Cette vive apostrophe fut comme à l’ordinaire suivie par une déclaration péremptoire des volontés de l’empereur, volontés signifiées avec apparat aux membres du concile afin qu’ils se gardassent bien de n’y pas conformer scrupuleusement leurs prochaines décisions. « Sa majesté leur faisait donc savoir qu’elle ne souffrirait jamais qu’en France, comme en Allemagne, la cour de Rome exerçât à la vacance des sièges aucune influence par des vicaires apostoliques, parce que, suivant l’impérial théologien, la religion chrétienne étant nécessaire aux fidèles et à l’état, son existence serait compromise dans les pays où des vicaires que le gouvernement ne reconnaîtrait pas seraient chargés de la direction des fidèles... La religion catholique ne serait plus en effet uniforme et dès lors universelle, s’il dépendait des papes d’en interrompre et d’en intervertir le régime essentiel.

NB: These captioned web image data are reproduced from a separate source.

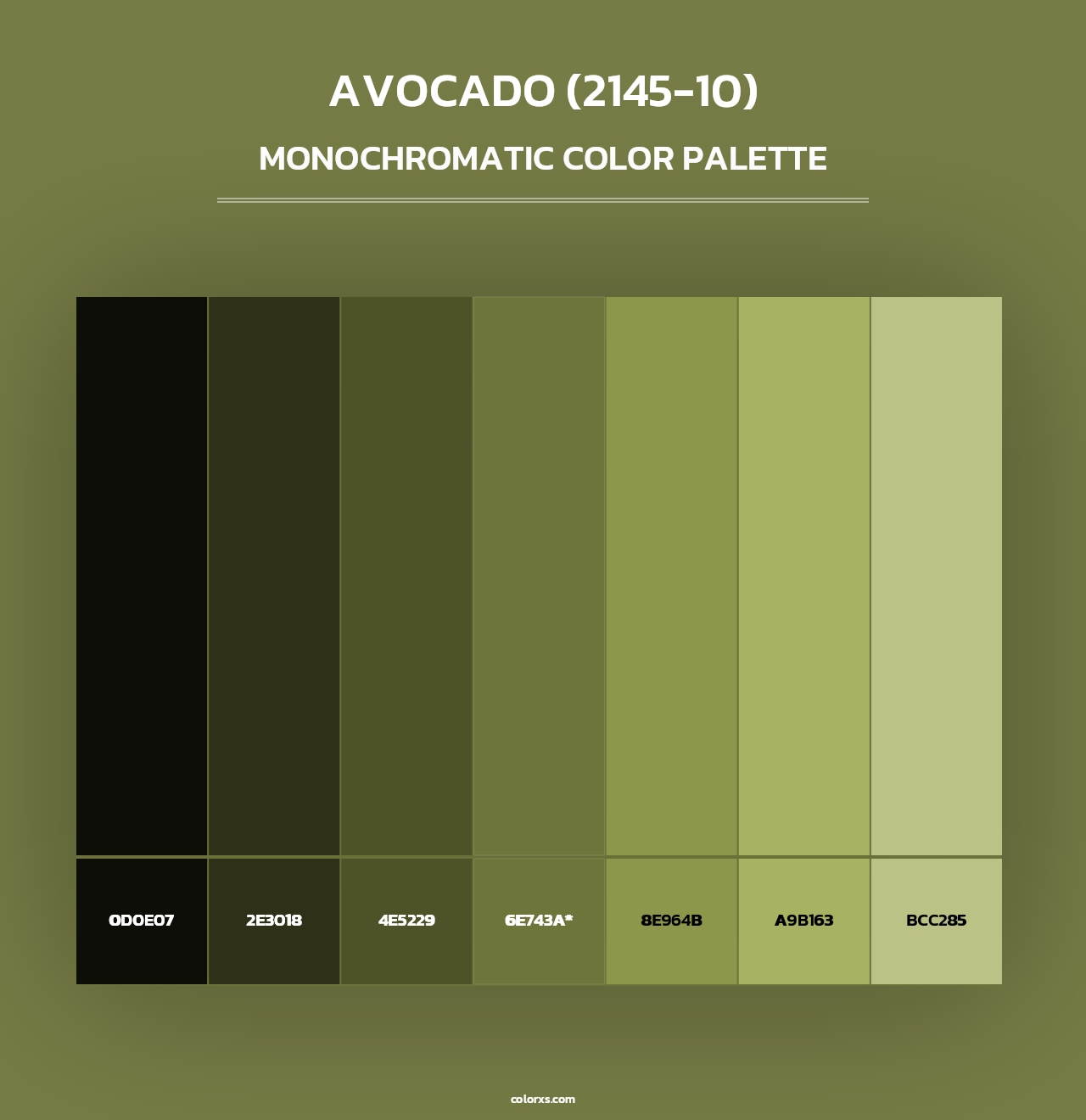 Avocado (2145-10) - Monochromatic Color Palette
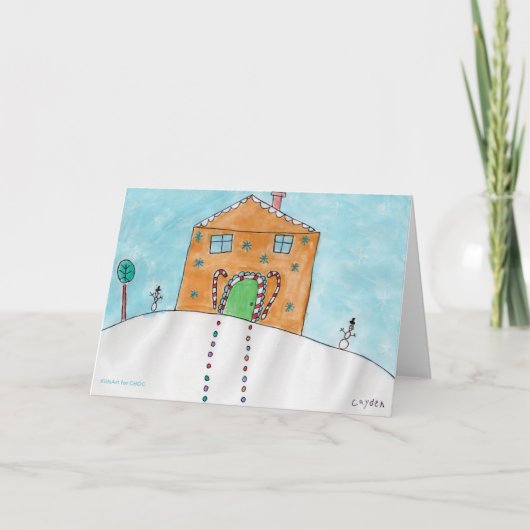 Candy Cane Cottage - KidsArt for CHOC Karte (Vorderseite)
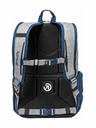 Meatfly Meatfly Rucksack Basejumper Blau / Grau Meliert 22 L + FEDERTASCHE | Grau | Volumen 22 L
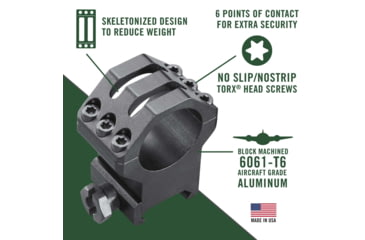 Image of Weaver 1in Tactical Rings, XX-High, Matte 48353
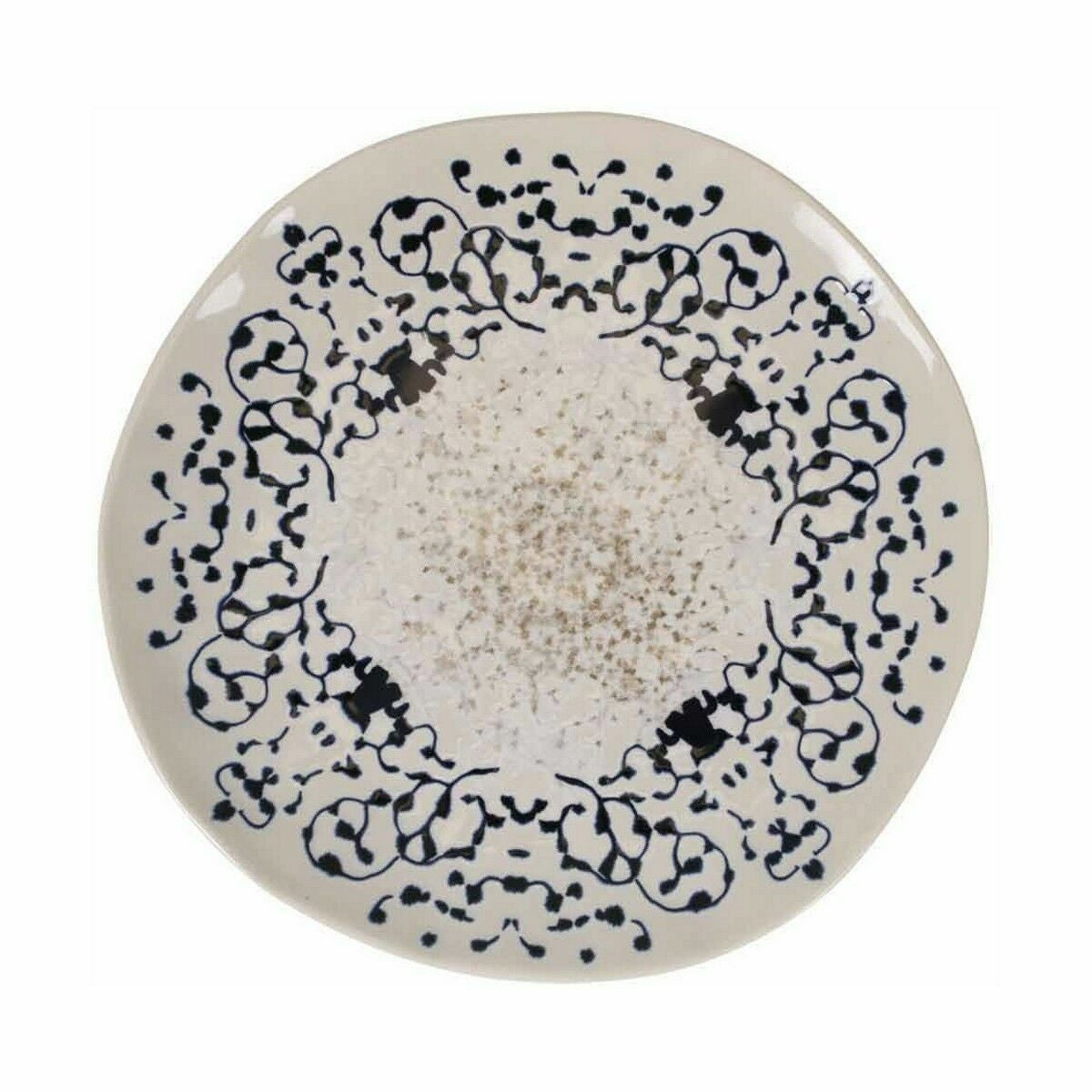 Ruokalautanen Ø 26 cm, 6 kpl - koristeltu matala lautanen pöytään, arkikäyttöön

Tout ce que les Anglais et d’autres peuples ont dit de l’incompatibilité de la religion catholique avec l’indépendance des gouvernemens lui serait alors justement appliqué. L’empereur entendait d’ailleurs protéger la religion de ses pères et la conserver, et cependant ce ne serait plus la même religion, si elle n’avait plus d’évêques, et si un seul prétendait se substituer au pouvoir de tous. Sa majesté voulait donc, comme empereur et roi, comme protecteur de l’église, comme père de ses peuples, que les évêques fussent institués suivant les formes antérieures au concordat, sans que jamais un siège pût vaquer au-delà de trois mois, temps plus que suffisant pour un remplacement... Sa majesté n’entendait pas que les ennemis de son gouvernement voulussent

  1. Discours de l’empereur au chapitre de Notre-Dame de Paris.
  2. Discours de M. Bigot de Préameneu au concile national de 1811, inséré dans la Correspondance de Napoléon Ier, t. XXII, p. 256.